■ **Task description**
Would you return, word for word, the lines of the data below from the line with "Heat Surge electric" through the line with "Aerial of villa and surrounding paddyfields", and no others?

■ **Dataset excerpts**
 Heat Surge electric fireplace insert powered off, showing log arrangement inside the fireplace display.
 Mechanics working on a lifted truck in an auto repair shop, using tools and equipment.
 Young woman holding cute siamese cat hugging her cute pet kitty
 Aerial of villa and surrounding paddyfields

---

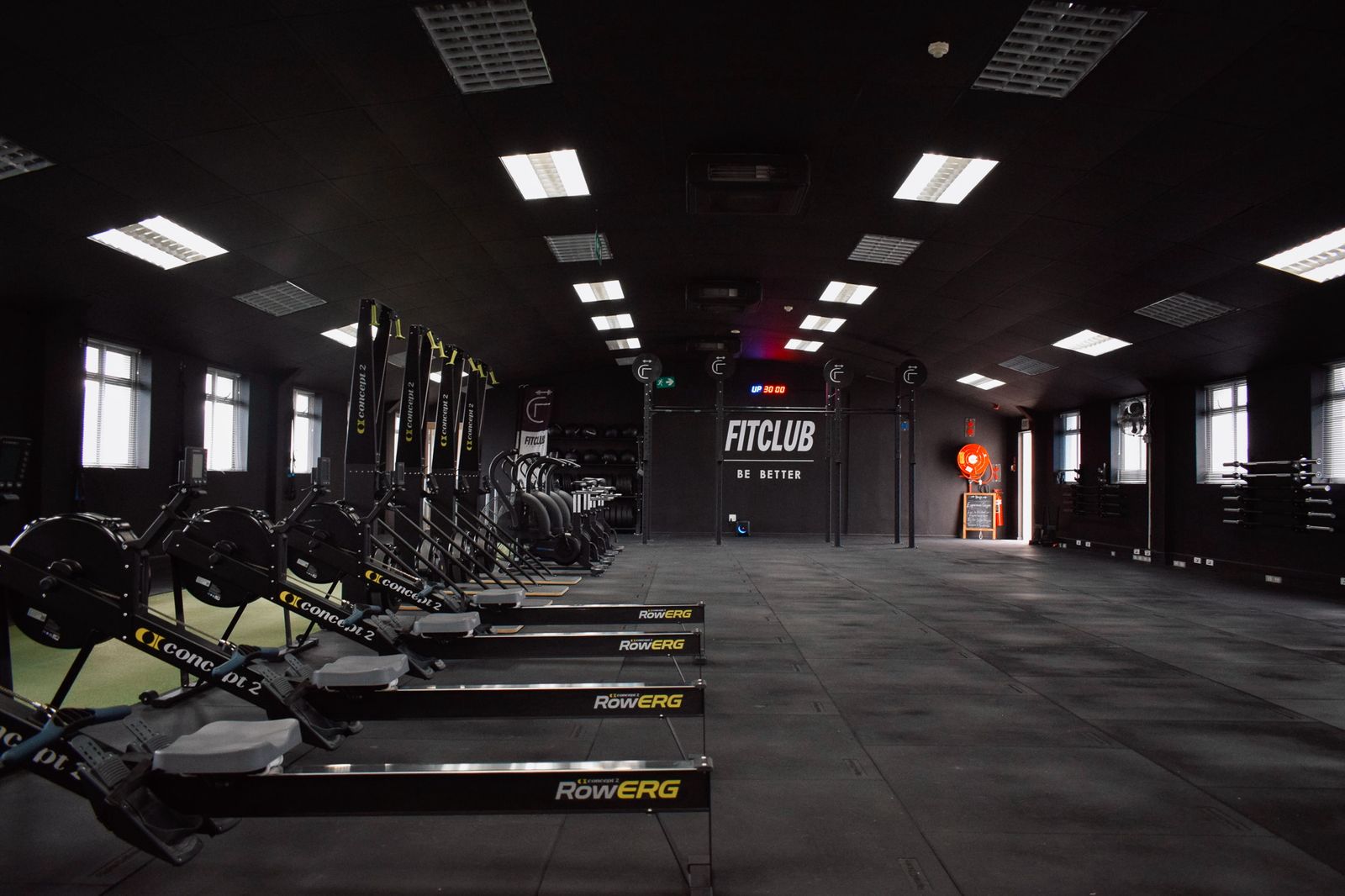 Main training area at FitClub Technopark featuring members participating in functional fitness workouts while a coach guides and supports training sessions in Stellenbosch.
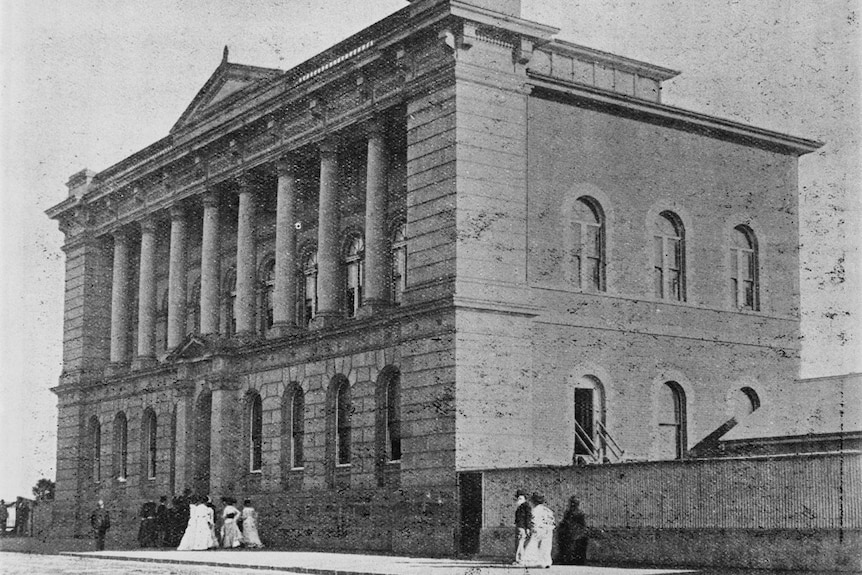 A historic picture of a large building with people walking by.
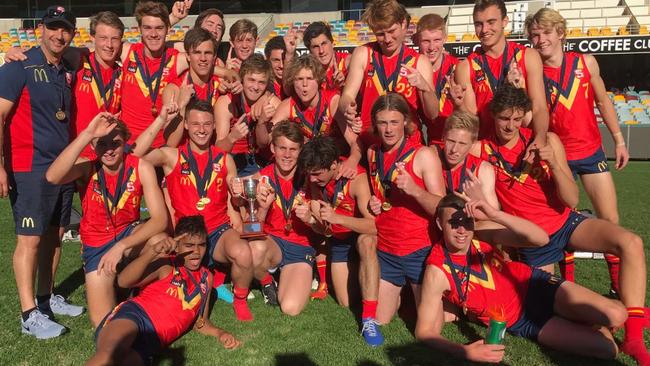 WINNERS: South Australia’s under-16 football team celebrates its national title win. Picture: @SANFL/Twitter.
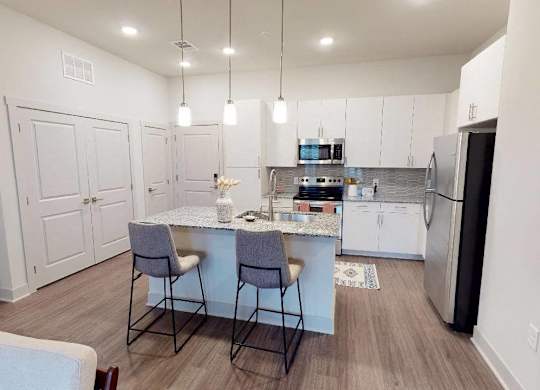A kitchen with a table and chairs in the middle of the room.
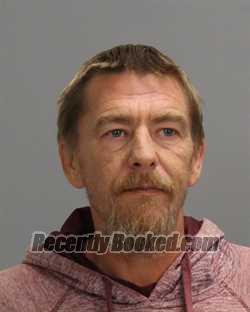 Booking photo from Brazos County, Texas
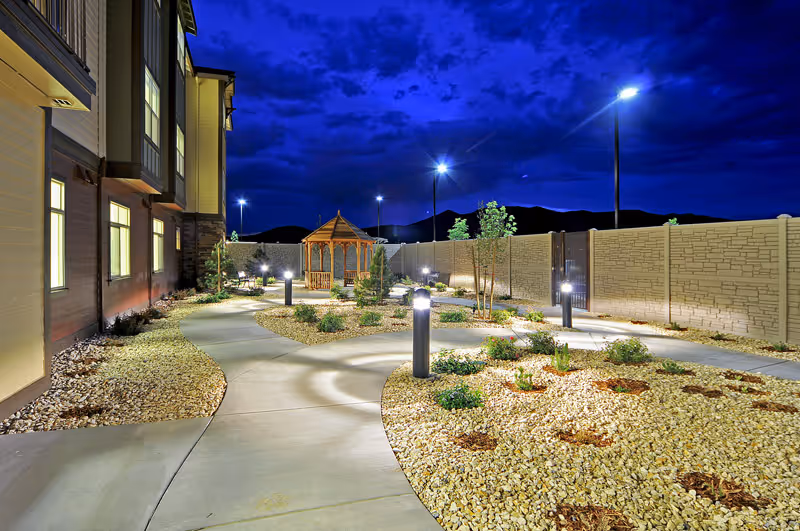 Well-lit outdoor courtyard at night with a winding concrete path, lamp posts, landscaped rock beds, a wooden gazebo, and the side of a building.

--

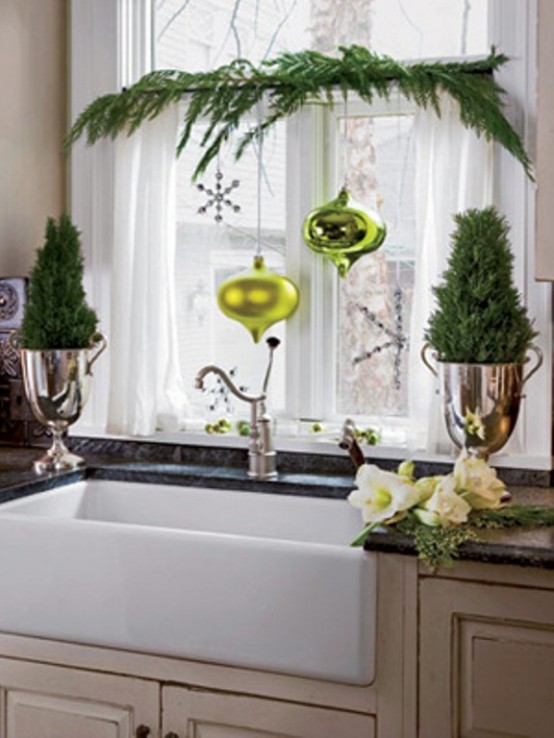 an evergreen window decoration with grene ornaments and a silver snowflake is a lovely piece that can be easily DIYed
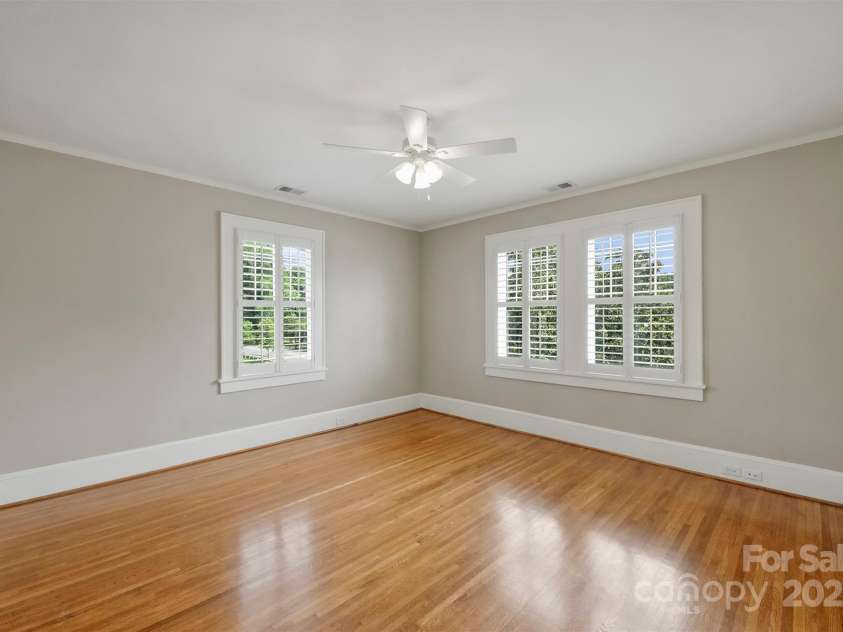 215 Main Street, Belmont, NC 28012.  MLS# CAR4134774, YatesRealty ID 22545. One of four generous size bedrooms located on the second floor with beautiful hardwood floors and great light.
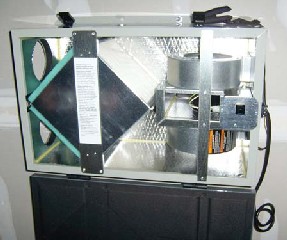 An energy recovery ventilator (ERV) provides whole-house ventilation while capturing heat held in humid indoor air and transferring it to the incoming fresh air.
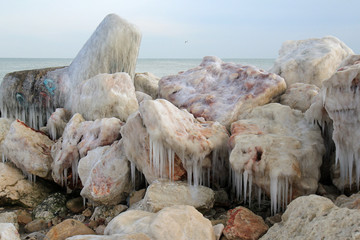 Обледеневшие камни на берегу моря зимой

■ **Output for this exercise**
 Heat Surge electric fireplace insert powered off, showing log arrangement inside the fireplace display.
 Mechanics working on a lifted truck in an auto repair shop, using tools and equipment.
 Young woman holding cute siamese cat hugging her cute pet kitty
 Aerial of villa and surrounding paddyfields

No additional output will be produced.